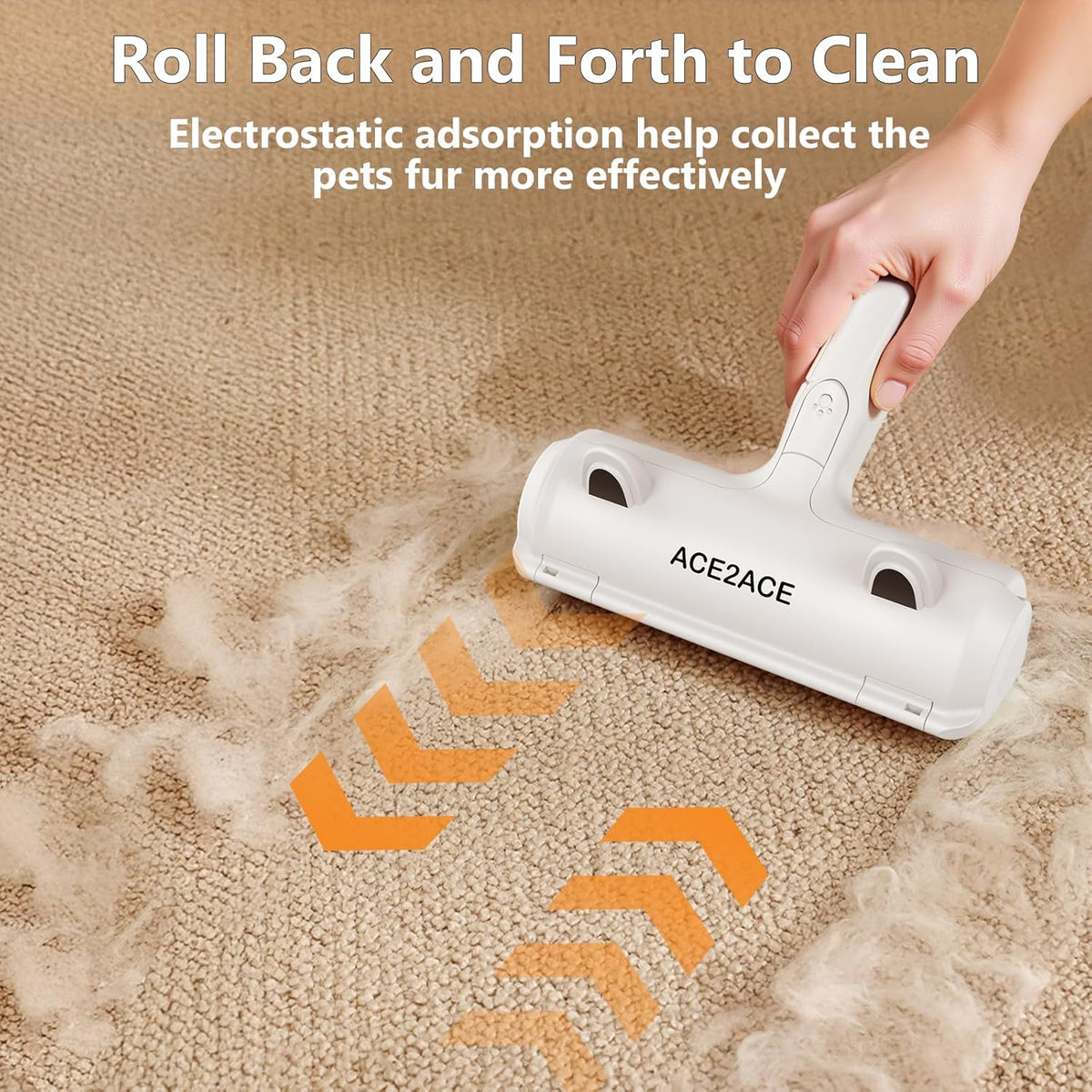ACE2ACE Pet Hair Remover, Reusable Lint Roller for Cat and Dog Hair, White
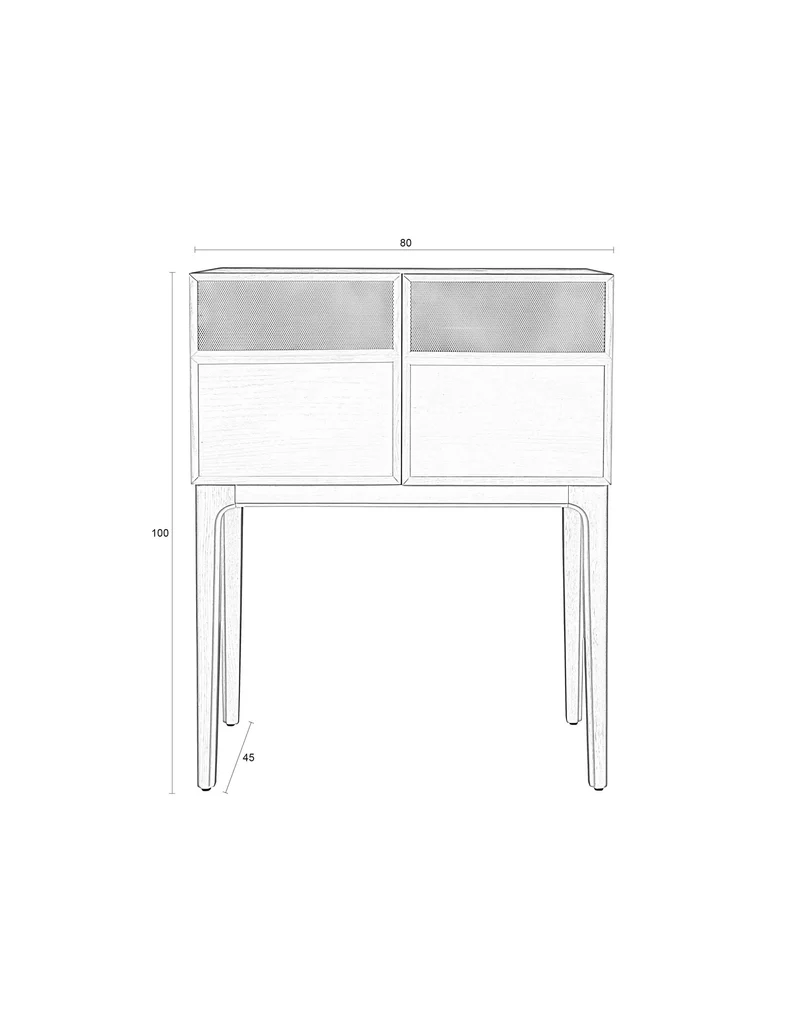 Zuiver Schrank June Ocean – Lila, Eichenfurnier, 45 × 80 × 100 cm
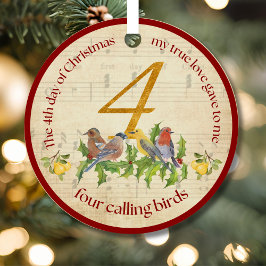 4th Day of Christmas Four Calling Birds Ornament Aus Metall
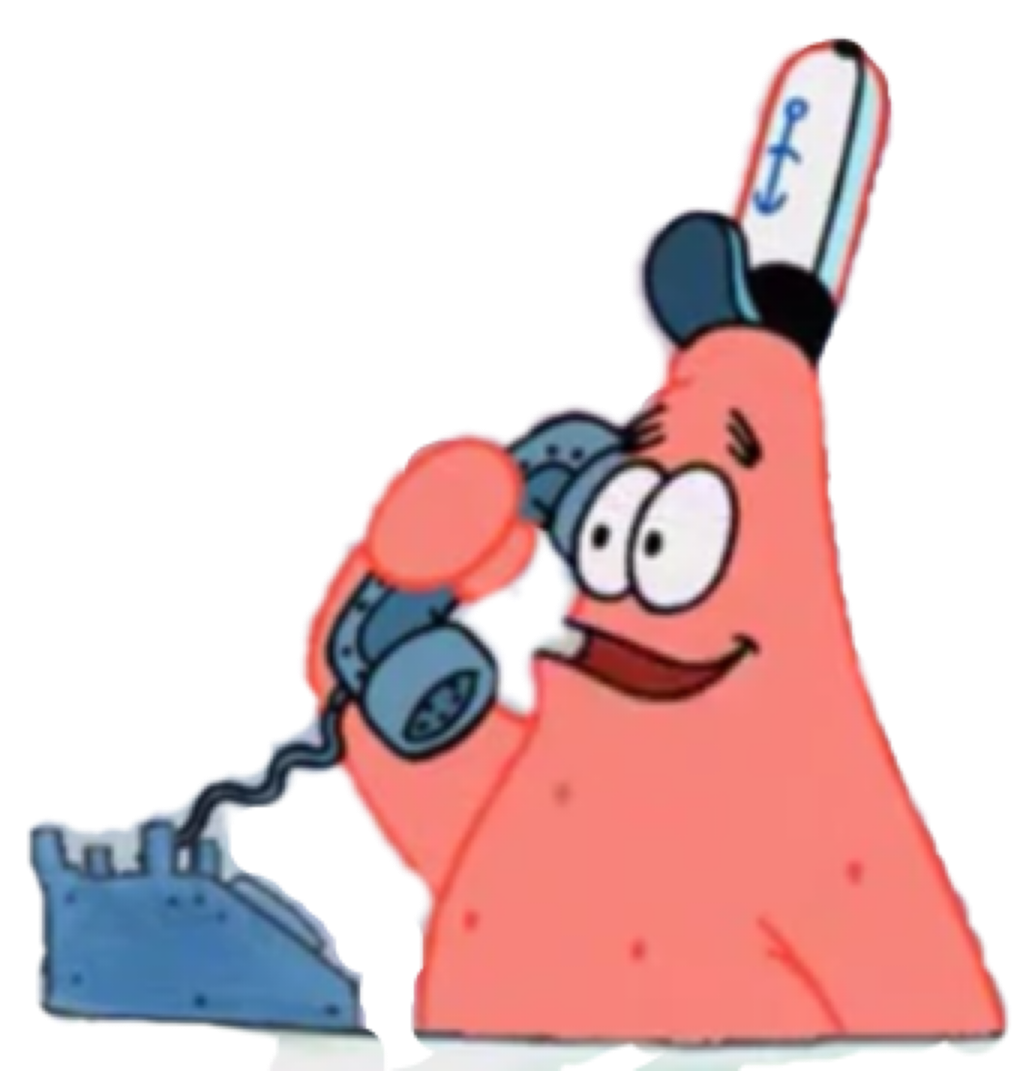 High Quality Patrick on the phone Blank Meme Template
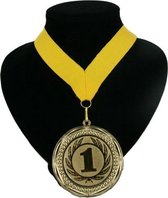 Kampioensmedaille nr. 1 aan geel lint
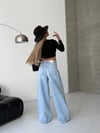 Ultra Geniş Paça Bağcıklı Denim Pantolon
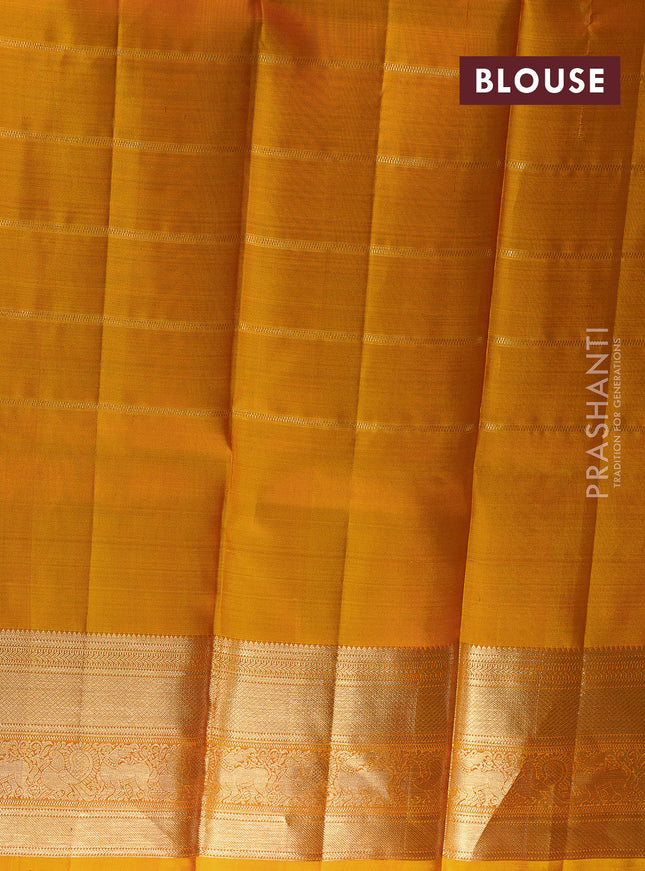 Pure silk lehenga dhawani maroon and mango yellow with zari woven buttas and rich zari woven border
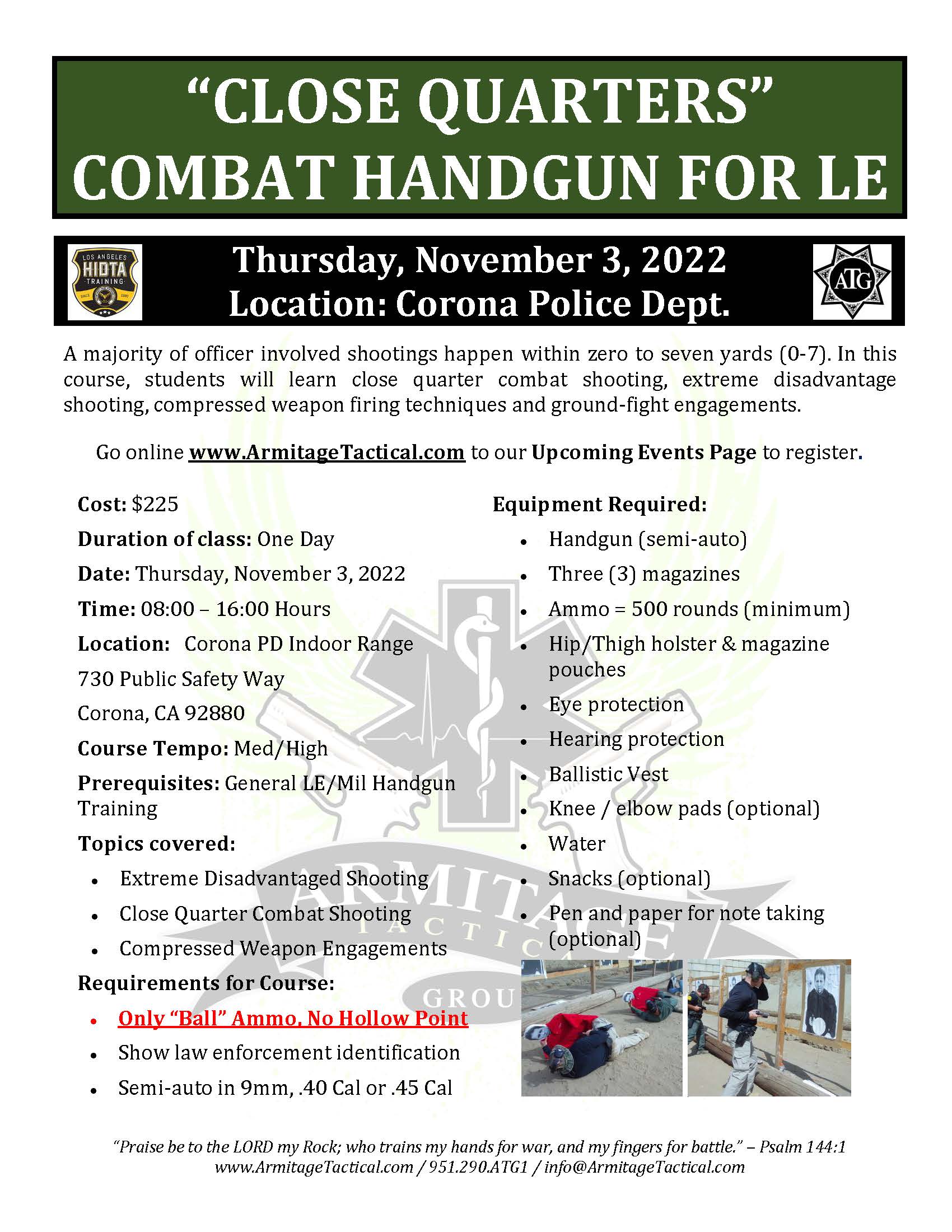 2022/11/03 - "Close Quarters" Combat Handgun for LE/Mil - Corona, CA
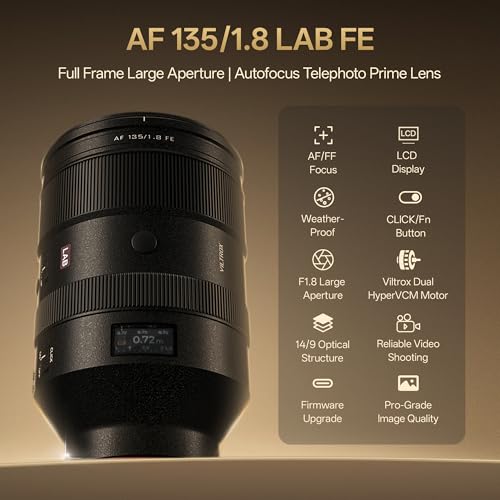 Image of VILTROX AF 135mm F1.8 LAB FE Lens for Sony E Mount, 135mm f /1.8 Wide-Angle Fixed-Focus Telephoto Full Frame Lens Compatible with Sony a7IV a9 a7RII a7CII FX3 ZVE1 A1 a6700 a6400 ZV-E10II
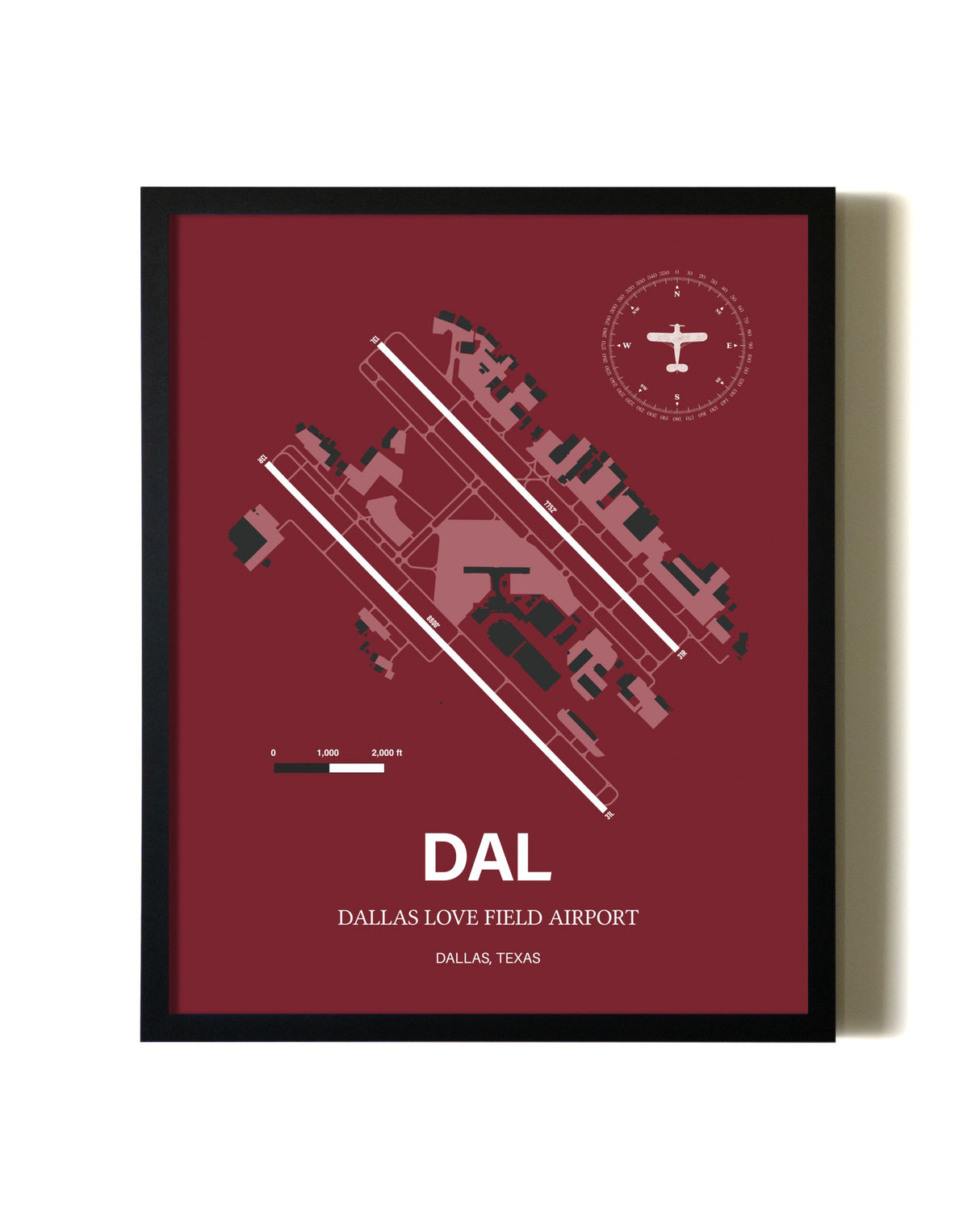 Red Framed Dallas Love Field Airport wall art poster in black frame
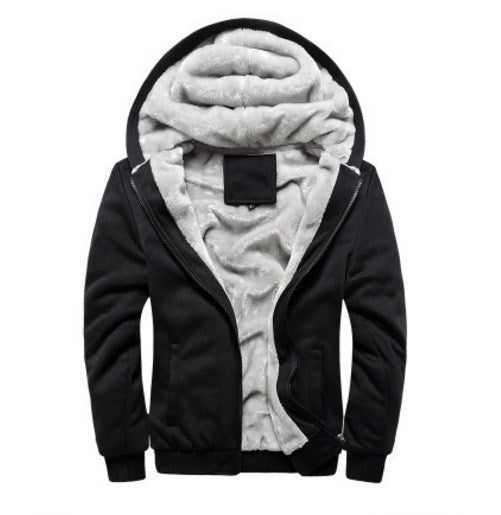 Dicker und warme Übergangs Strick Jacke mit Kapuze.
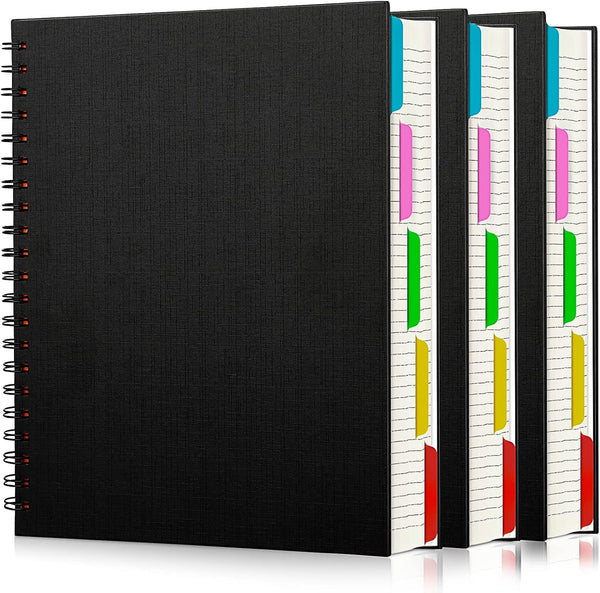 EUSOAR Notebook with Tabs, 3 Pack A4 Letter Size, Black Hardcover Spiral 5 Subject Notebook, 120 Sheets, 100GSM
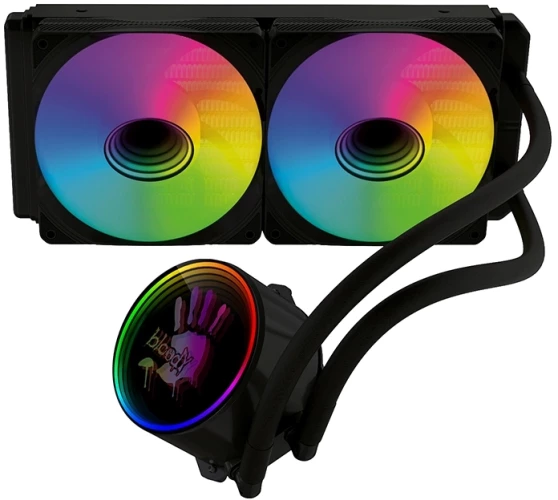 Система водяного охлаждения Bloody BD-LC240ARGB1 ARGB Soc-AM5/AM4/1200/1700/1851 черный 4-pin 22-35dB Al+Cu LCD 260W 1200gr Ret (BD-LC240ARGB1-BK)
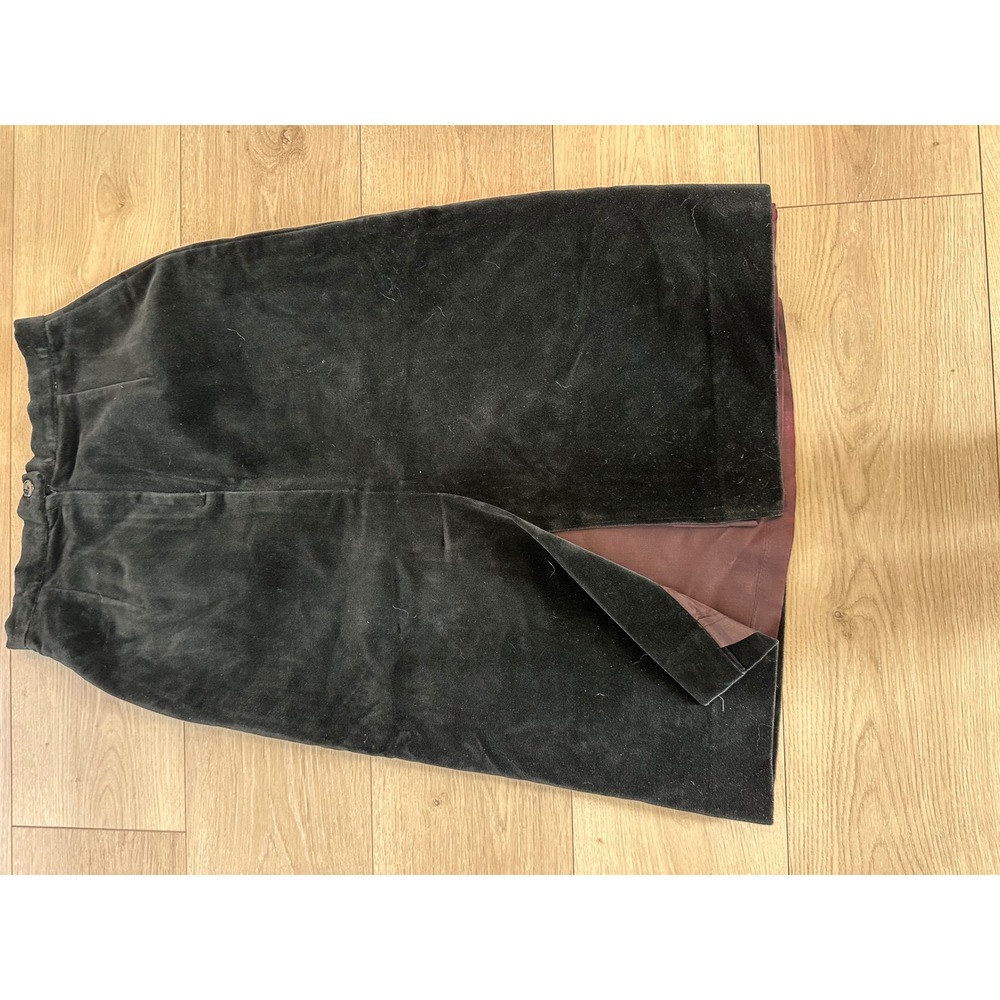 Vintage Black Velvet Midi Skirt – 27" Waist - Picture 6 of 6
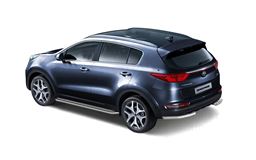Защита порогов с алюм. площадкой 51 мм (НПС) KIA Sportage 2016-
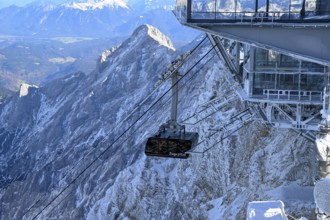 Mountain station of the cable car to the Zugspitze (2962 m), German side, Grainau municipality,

**HOW TO COMPLETE THIS TASK**
Exactly the lines running from the one with "Система водяного охлаждения" through the end of the listing above must be output, both ends included. No pictures belong in the output.

**YOUR RESPONSE**
 Система водяного охлаждения Bloody BD-LC240ARGB1 ARGB Soc-AM5/AM4/1200/1700/1851 черный 4-pin 22-35dB Al+Cu LCD 260W 1200gr Ret (BD-LC240ARGB1-BK)
 Vintage Black Velvet Midi Skirt – 27" Waist - Picture 6 of 6
Защита порогов с алюм. площадкой 51 мм (НПС) KIA Sportage 2016-
 Mountain station of the cable car to the Zugspitze (2962 m), German side, Grainau municipality,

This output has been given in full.